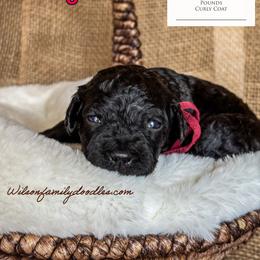 Girl 1 - Black Goldendoodle puppy in Oklahoma from Wilson Family Doodles LLC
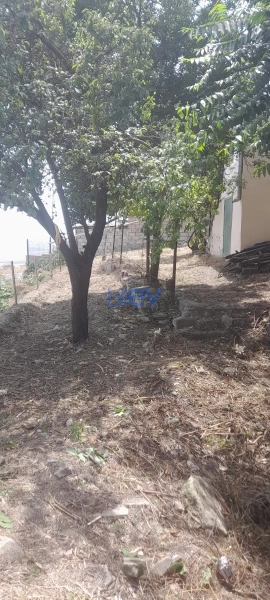 Satış 5 otaqlı Bağ evi  65m², Şamaxı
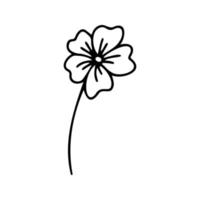 Hand drawn herbal, floral clipart. One line doodle vector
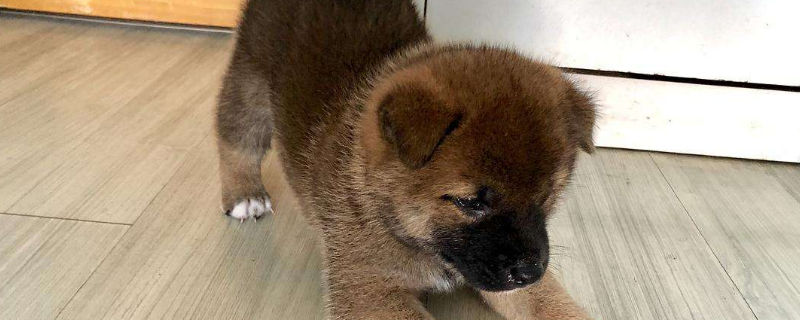 柴犬幾個月認主人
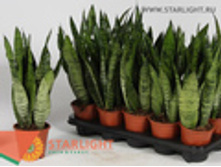 ���������� ��������� (40) 655.00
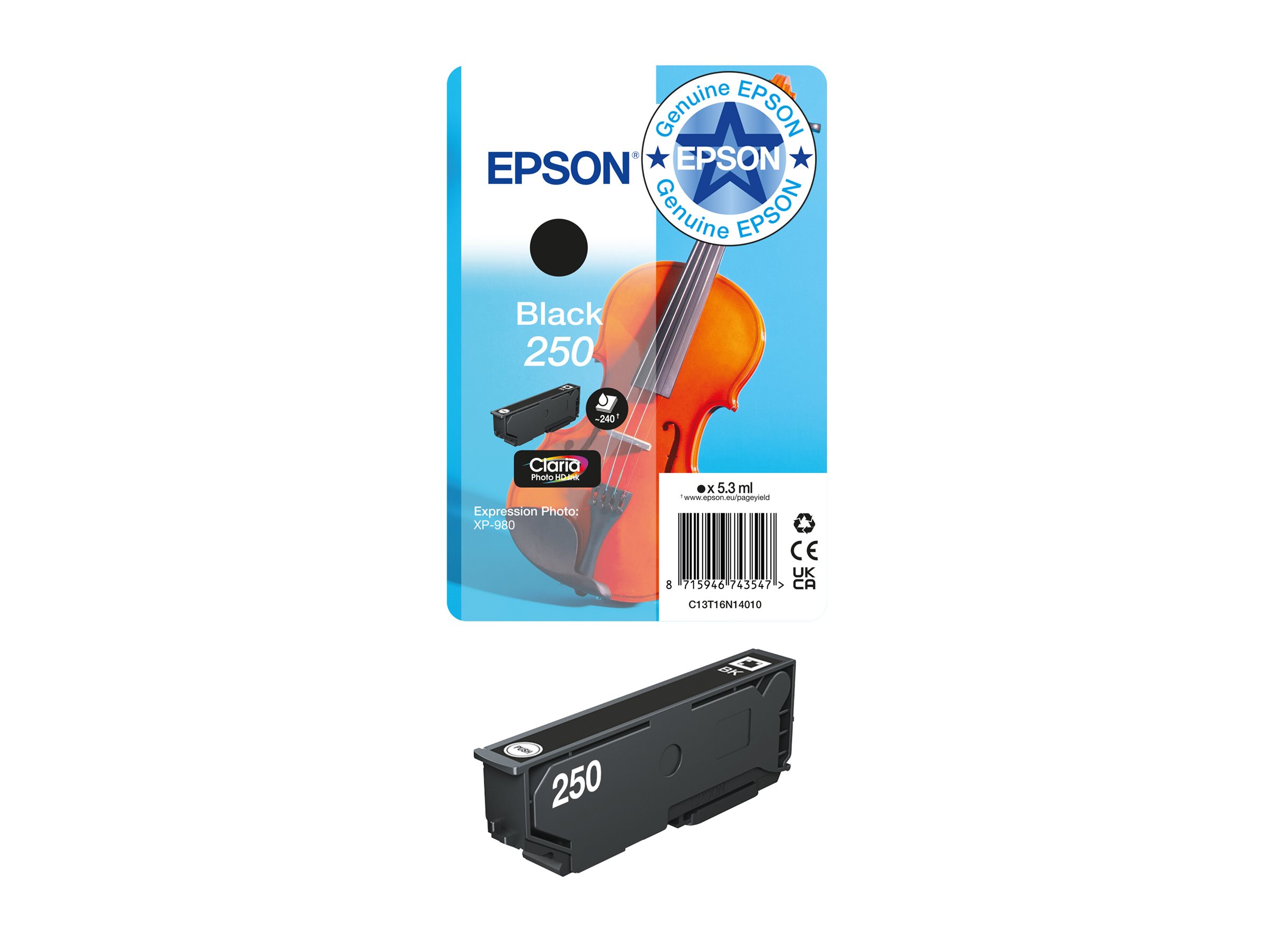 EPSON Singlepack Black 250 ink
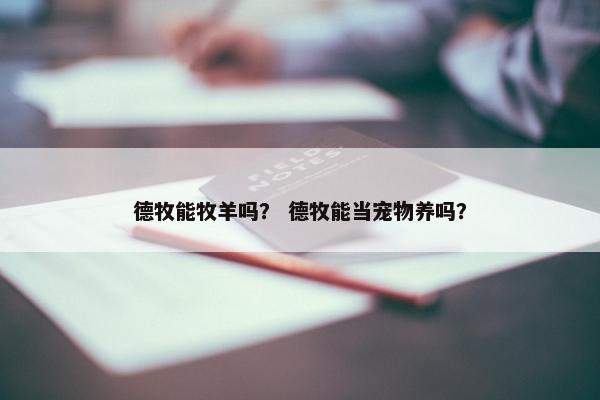 德牧能牧羊吗？ 德牧能当宠物养吗？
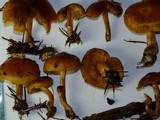 Gymnopilus rufobrunneus image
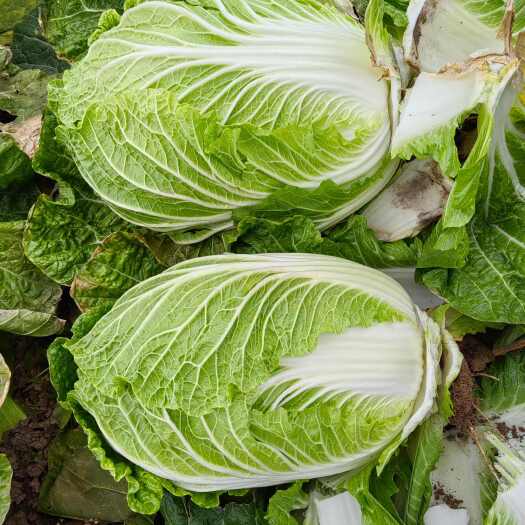 新野县矮棵4黄心白菜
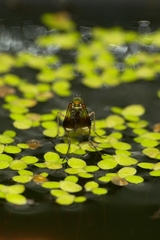 Poecilobothrus nobilitatus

Problem requirements: Would you retype the material exactly, omitting each picture?

Your solution:
 Girl 1 - Black Goldendoodle puppy in Oklahoma from Wilson Family Doodles LLC
 Satış 5 otaqlı Bağ evi  65m², Şamaxı
 Hand drawn herbal, floral clipart. One line doodle vector
 柴犬幾個月認主人
 ���������� ��������� (40) 655.00
 EPSON Singlepack Black 250 ink
 德牧能牧羊吗？ 德牧能当宠物养吗？
 Gymnopilus rufobrunneus image
 新野县矮棵4黄心白菜
 Poecilobothrus nobilitatus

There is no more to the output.